(Stored items)
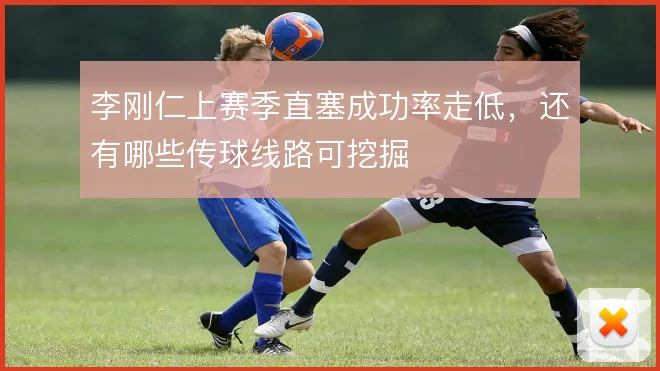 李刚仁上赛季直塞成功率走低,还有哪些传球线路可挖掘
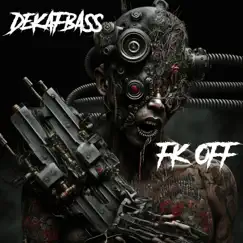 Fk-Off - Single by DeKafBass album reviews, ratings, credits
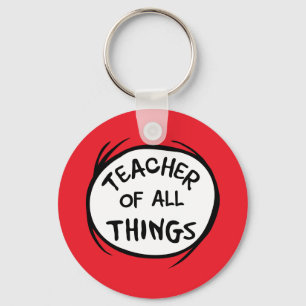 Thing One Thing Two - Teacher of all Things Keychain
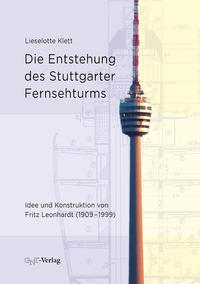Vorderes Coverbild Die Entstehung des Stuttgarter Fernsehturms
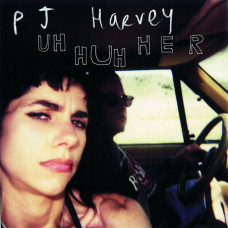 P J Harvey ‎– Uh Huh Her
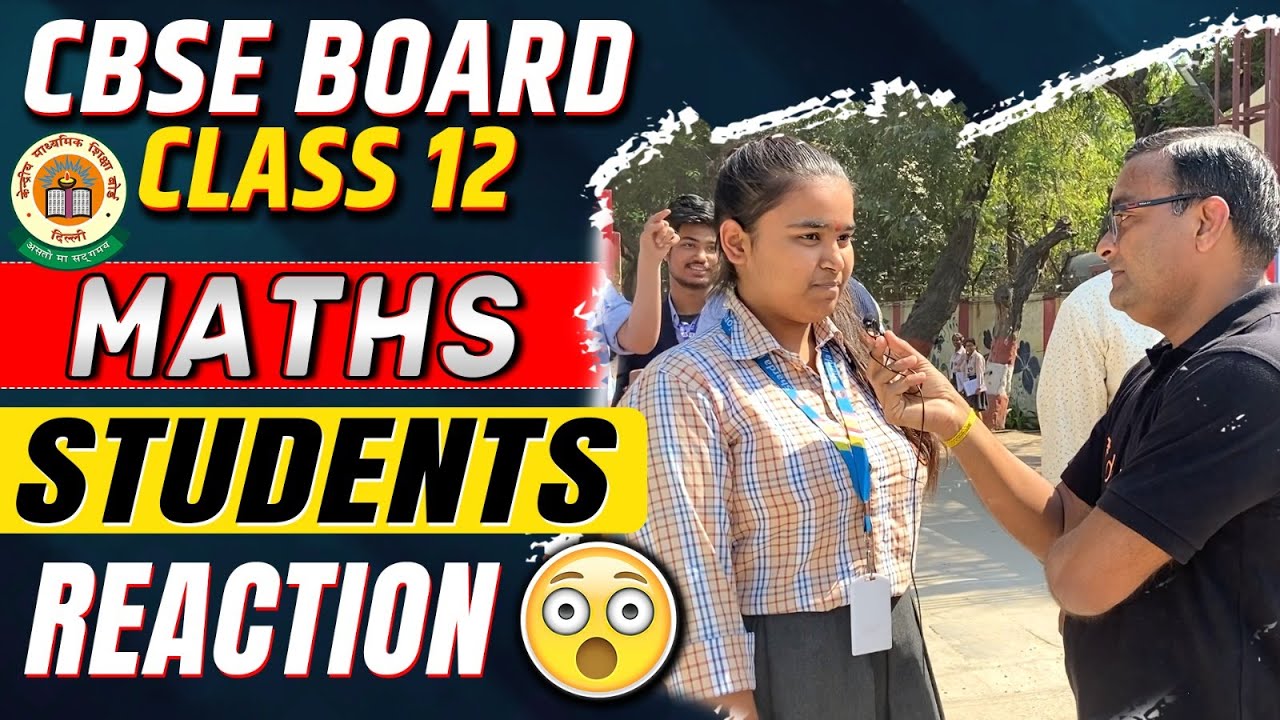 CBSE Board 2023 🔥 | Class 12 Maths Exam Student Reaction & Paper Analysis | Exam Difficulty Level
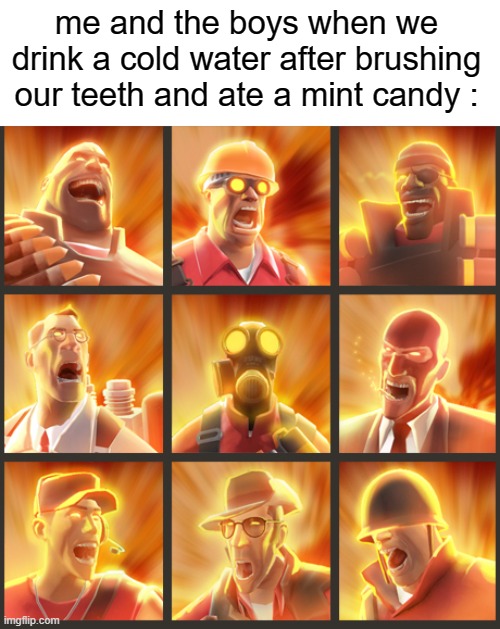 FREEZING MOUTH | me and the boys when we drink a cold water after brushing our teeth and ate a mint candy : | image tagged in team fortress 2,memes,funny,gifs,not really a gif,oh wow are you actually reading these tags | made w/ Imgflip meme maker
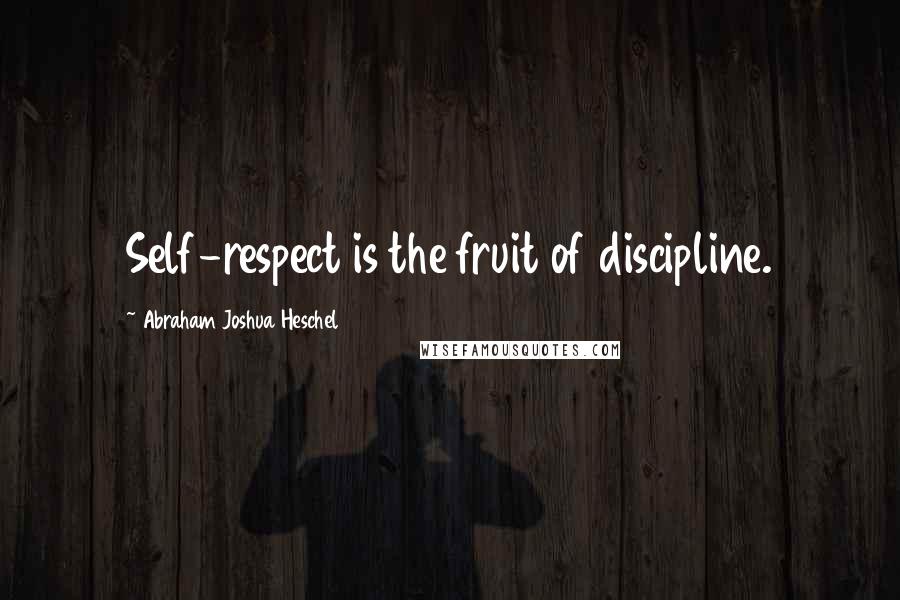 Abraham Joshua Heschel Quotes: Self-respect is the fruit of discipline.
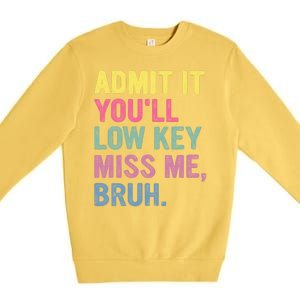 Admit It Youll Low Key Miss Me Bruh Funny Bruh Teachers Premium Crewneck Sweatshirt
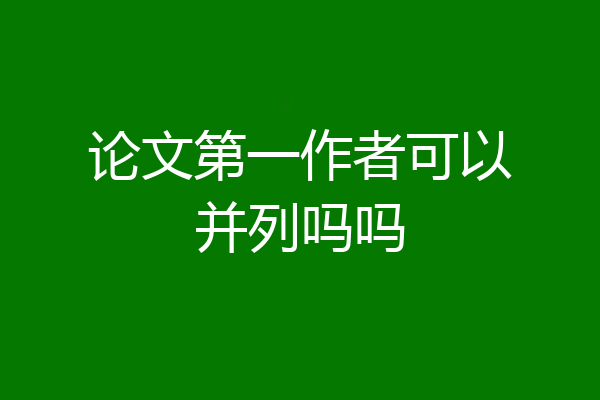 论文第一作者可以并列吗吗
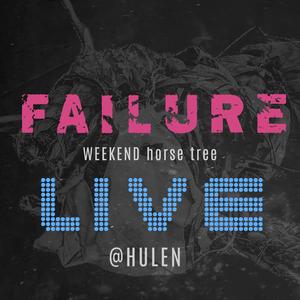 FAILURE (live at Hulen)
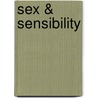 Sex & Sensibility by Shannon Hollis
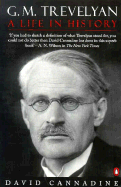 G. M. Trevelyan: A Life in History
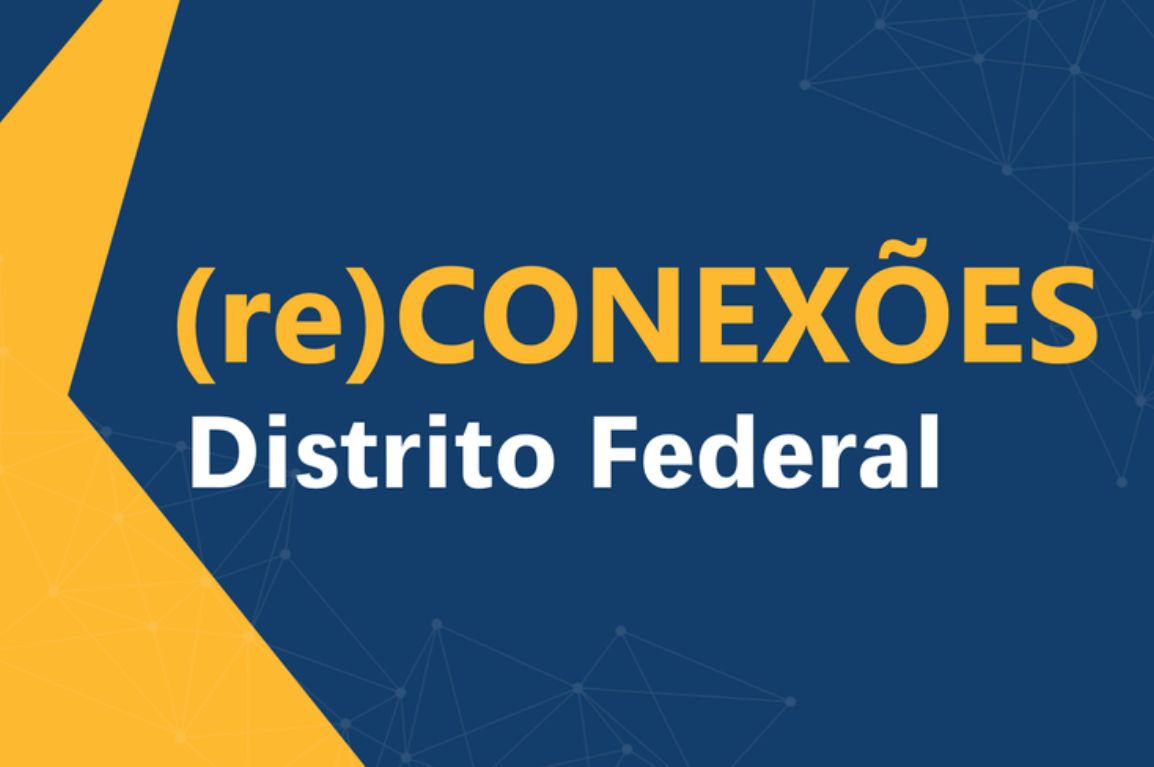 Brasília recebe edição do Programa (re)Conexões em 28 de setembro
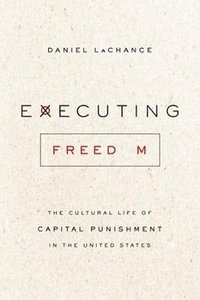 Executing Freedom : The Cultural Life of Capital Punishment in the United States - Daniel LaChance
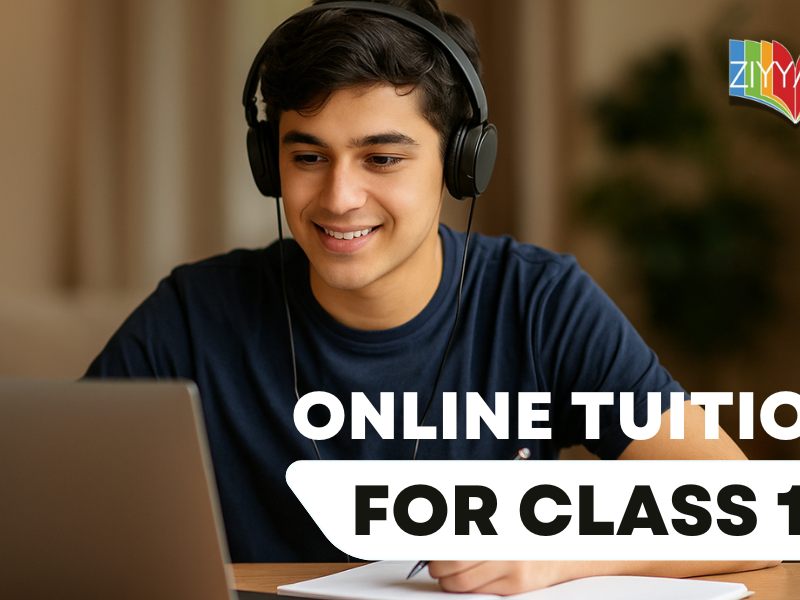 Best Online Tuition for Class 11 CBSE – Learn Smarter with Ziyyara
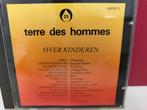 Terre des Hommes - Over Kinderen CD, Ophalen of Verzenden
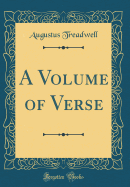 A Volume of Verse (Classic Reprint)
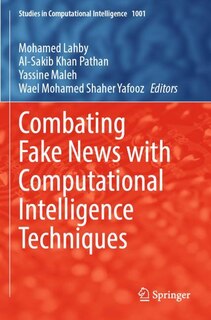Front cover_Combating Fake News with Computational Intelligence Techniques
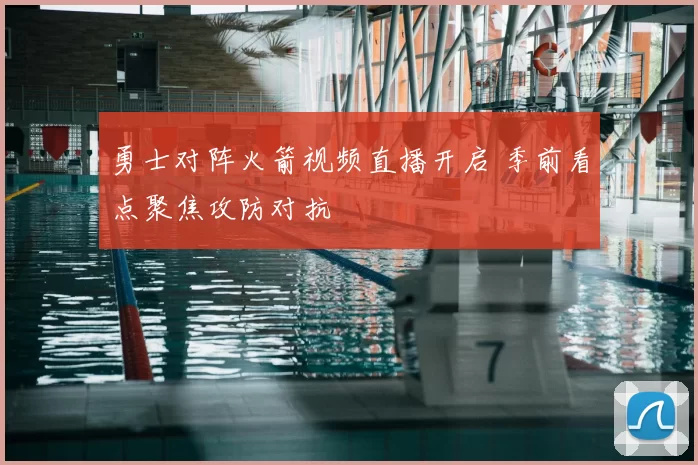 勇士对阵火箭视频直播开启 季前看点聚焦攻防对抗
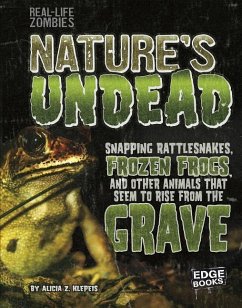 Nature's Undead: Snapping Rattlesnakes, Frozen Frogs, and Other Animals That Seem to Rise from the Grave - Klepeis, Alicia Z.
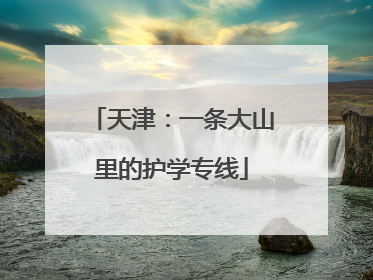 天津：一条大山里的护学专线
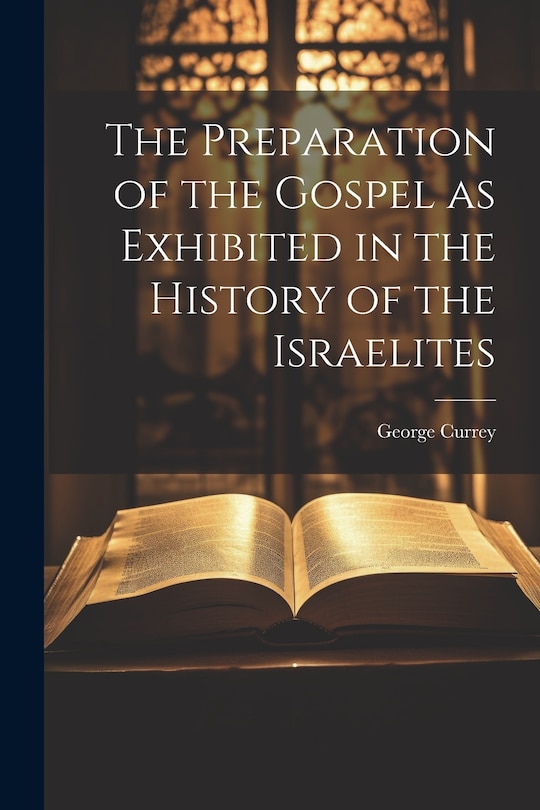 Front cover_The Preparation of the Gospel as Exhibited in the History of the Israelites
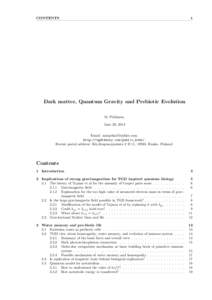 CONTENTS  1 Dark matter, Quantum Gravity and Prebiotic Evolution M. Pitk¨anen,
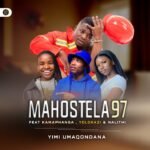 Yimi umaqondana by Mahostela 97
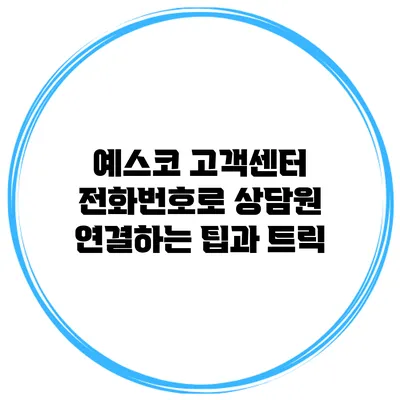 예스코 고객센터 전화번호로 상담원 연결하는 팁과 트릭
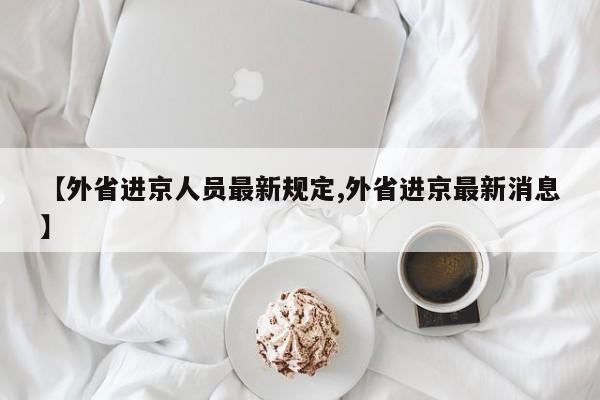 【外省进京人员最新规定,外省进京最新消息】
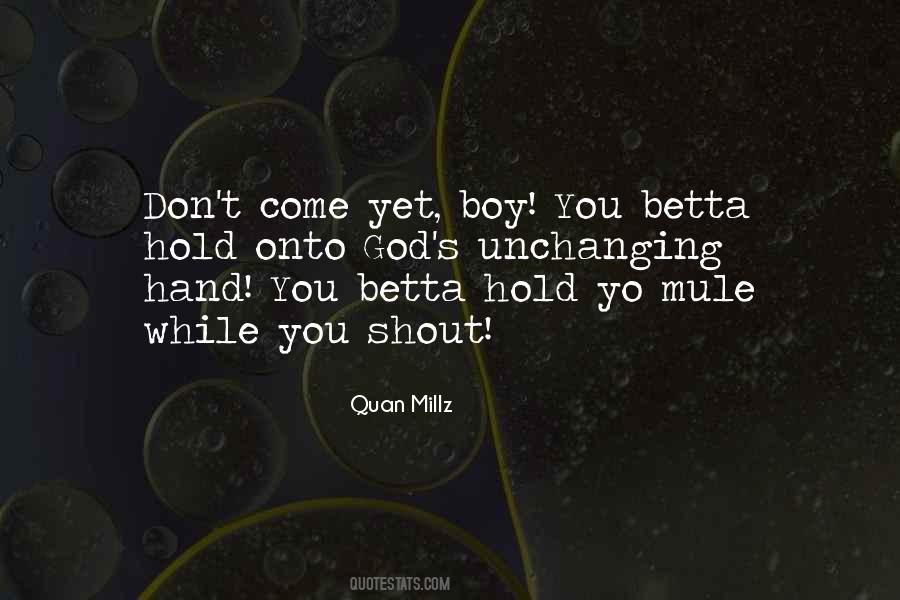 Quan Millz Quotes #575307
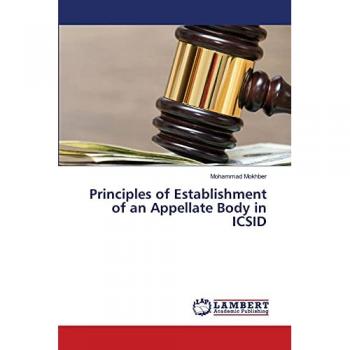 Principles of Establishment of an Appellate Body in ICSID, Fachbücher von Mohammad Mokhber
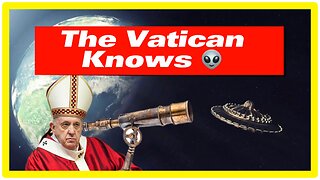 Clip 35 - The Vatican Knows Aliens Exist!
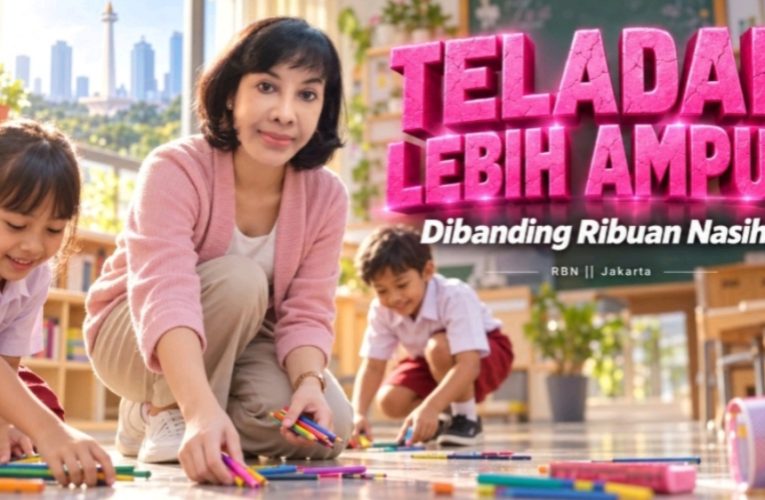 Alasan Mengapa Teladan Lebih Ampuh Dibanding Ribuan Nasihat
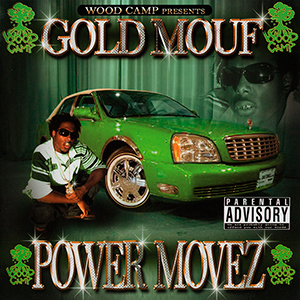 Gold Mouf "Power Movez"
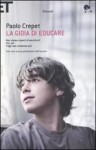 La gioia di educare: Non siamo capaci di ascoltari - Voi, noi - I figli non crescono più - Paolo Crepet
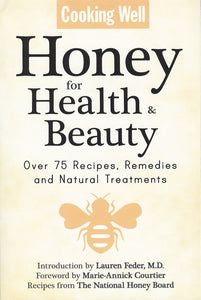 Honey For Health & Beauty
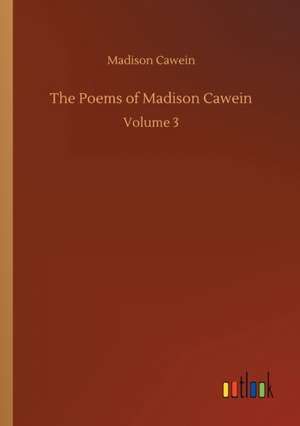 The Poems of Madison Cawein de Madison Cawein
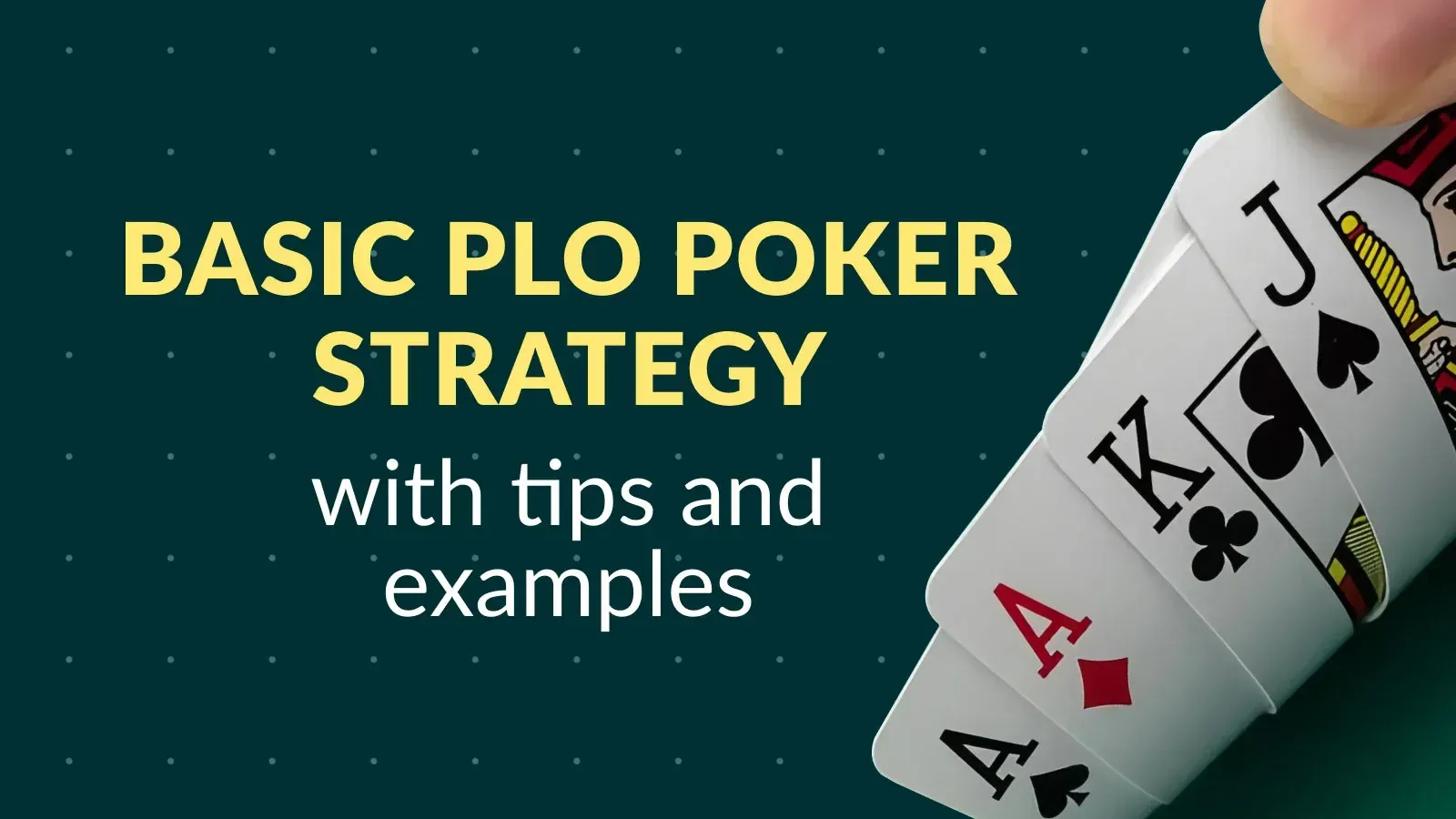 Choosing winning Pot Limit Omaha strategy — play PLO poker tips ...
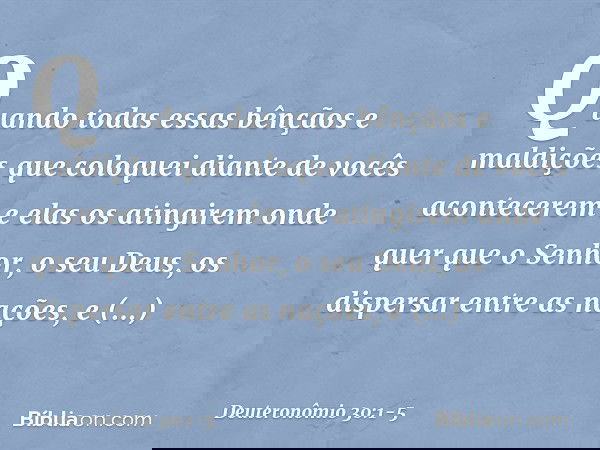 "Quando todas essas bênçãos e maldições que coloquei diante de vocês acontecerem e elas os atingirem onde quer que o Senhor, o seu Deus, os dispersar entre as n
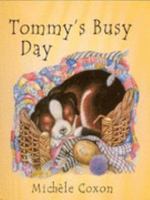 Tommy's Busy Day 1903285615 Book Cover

Work required ▸ Above are the records. Copy word for word only their lines from the one holding "Front cover_The Preparation" through the one holding "Quan Millz Quotes #575307", both included, and skip the images.

Result ▸
 Front cover_The Preparation of the Gospel as Exhibited in the History of the Israelites
 CONTENTS  1 Dark matter, Quantum Gravity and Prebiotic Evolution M. Pitk¨anen,
 Yimi umaqondana by Mahostela 97
 예스코 고객센터 전화번호로 상담원 연결하는 팁과 트릭
 【外省进京人员最新规定,外省进京最新消息】
 Quan Millz Quotes #575307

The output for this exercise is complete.